В те же годы бабушка познакомилась с Максимилианом Волошиным, к которому относилась одновременно с симпатией и легкой отстраненностью. Ее потешала тяга «Макса» ко всякого рода мистификациям, вроде «открытия» мифической поэтессы Черубины де Габриак, а вот о его дуэли с Николаем Гумилевым вспоминала с большим неодобрением. В альбоме Волошин аккуратно заполнил две странички большим «крымским» стихотворением. Помнится, что стихотворение это не сопровождалось рисунками, хотя от Волошина можно было ожидать «художеств» и в прямом смысле слова. Но рисунки в альбоме все-таки появились, и при довольно необычных обстоятельствах.

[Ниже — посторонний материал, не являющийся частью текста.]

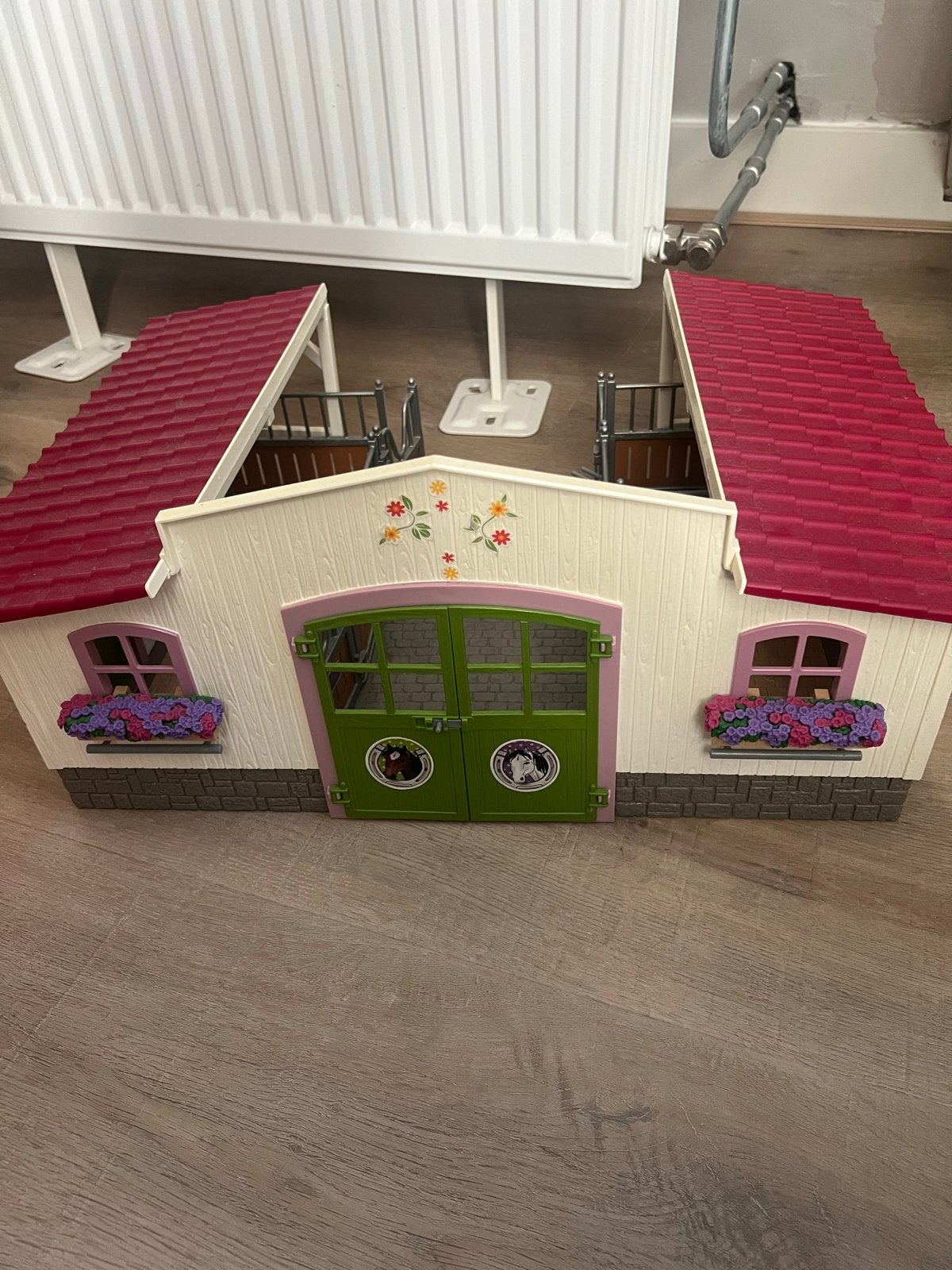 Grote Schleich paardenstal met veel paarden en accessoires, Ophalen, Gebruikt, Jongen of Meisje
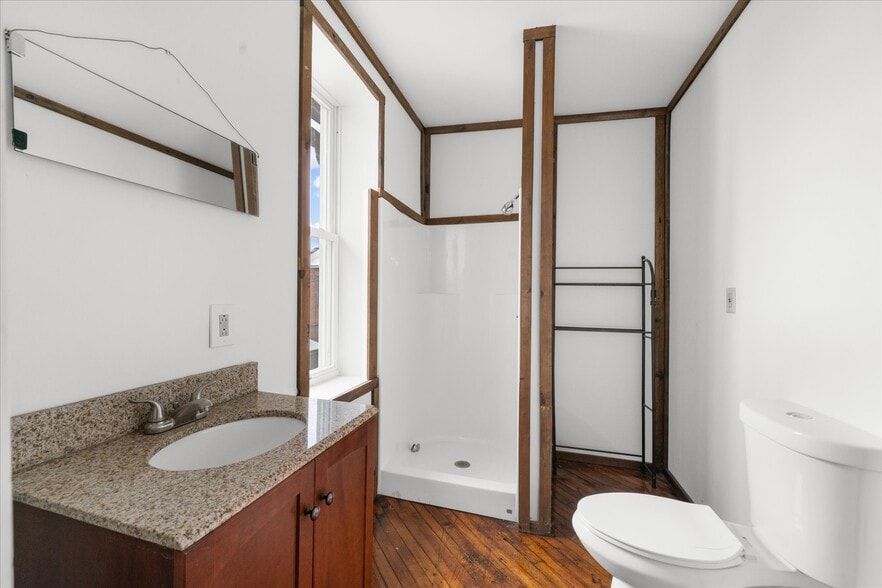 More Photos Of 102 S Richmond St, Fleetwood Warehouse For Sale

Однажды Гумилев был в гостях у четы Бородаевских на «пятичасовом» чае. Внезапно появилась экспансивная дама из какого-то журнала и стала подсовывать Валериану Валериановичу листы горячо убеждая его нарисовать что-нибудь. Она, мол, готовит подборку рисунков поэтов, иллюстрирующих их собственные стихотворения. Обнаружив, что здесь Гумилев, она, естественно, принялась и за него.